David Sutyanto, Kepala Riset Ekuator Swarna Sekuritas, memprediksi, saham sektor perkebunan masih punya peluang tumbuh, meski terbatas. Pasalnya, masih ada sejumlah tantangan yang membayangi sektor perkebunan.

Salah satunya, adanya larangan ekspor komoditas ke Eropa. Hal ini turut menekan pasar minyak sawit mentah (CPO). Selain itu, musim penghujan juga turut memberatkan kinerja sektor ini. "Harga di Bursa Malaysia juga tidak terlalu bagus," kata dia, Selasa (13/2).

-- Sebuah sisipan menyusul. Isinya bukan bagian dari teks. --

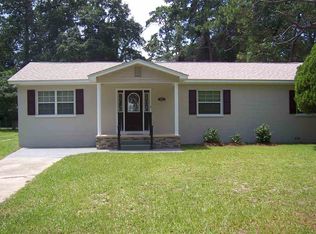 1813 Cottage Grove Rd, Tallahassee, FL 32303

Thennesia Debora, analis BNI Sekuritas, juga masih memberikan pandangan netral untuk sektor perkebunan sampai akhir 2018. Sektor ini masih bergantung dengan sejumlah kebijakan negara konsumen. Misal, pemerintah India menaikkan bea masuk. "Pajak dinaikkan 15% dari sebelumnya 7,5%," ujar dia.

Dalam jangka pendek, Thennesia menilai, ada potensi harga CPO naik menjadi RM 2.600 per ton. Jadi, dalam waktu dekat, ada potensi kenaikan harga saham perkebunan, meski hanya sesaat.

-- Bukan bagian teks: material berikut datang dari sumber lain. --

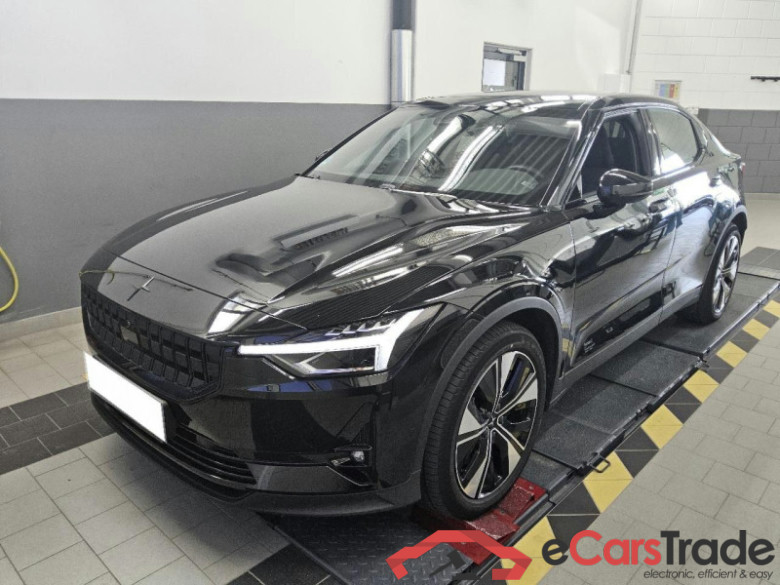 Polestar 2  #1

Selain itu, penguatan ringgit Malaysia terhadap dollar Amerika Serikat juga masih menjadi sentimen yang mempengaruhi saham sektor perkebunan "Kalau ringgit menguat, maka harga jadi kurang menarik," ujar Thennesia.

Harga CPO

Yosua Zisokhi, Analis Senior Henan Putihrai Sekuritas, mengatakan, sektor ini masih menghadapi tantangan dari rendahnya penyerapan CPO di kawasan Eropa dan Amerika. Selain itu, adanya substitusi minyak kedelai membuat penyerapan melemah.

Tambah lagi, pasokan CPO sedang meningkat. Sehingga, harga jual CPO cenderung tertekan. "Tapi kalau dibilang ada over supply saya kurang setuju, saya lebih setuju mengatakan, harga kembali normal," kata Yosua.

Pasalnya, pada tahun lalu, rata-rata harga CPO berkisar di RM 2.600-RM 2.700 per ton. Hal ini merupakan imbas penurunan pasokan karena adanya efek El-Nino di awal tahun. Lalu, harga CPO di 2016 kurang lebih ada di kisaran RM 2.600 dan di RM 2.300 per ton pada 2015.

Setelah efek El-Nino hilang dan permintaan kembali tumbuh perlahan, maka harga CPO di kisaran sekarang RM 2.400-RM 2.500 dinilai wajar.

Yosua masih memandang positif sektor ini. Permintaan yang masih tinggi dari China, India dan dalam negeri, terutama untuk biofuel, akan menopang sektor ini.

Biofuel seperti biodiesel akan cukup diminati seiring dengan kenaikan yang terjadi pada harga minyak mentah dunia. Apalagi, adanya CPO fund yang diusung oleh pemerintah juga membuat penyerapan biofuel seharusnya cukup baik.

Dari sisi produksi, Yosua menilai tidak ada masalah dari cuaca ekstrem seperti La-Nina. Namun, masih diberlakukannya moratorium pembukaan lahan, membuat produksi CPO dari emiten akan cenderung stagnan.

Pada pekan ini, harga CPO cenderung meningkat dan memasuki level RM 2.500. Berbeda dengan awal bulan Februari yang berada di bawah RM 2.500 per ton.

Yosua masih merekomendasikan saham AALI dan LSIP karena keduanya merupakan emiten yang memiliki luas lahan paling banyak dibandingkan emiten lain. "Buy AALI dengan target harga Rp 18.050 dan LSIP dengan target Rp 1.710," katanya. Lalu, Thennesia merekomendasikan buy LSIP dengan target harga Rp 1.920 dan AALI dengan target Rp 19.100.

Sementara itu, David merekomendasikan AALI dengan target Rp 14.500, SGRO dengan target Rp 3.000, dan LSIP dengan target Rp 1.500.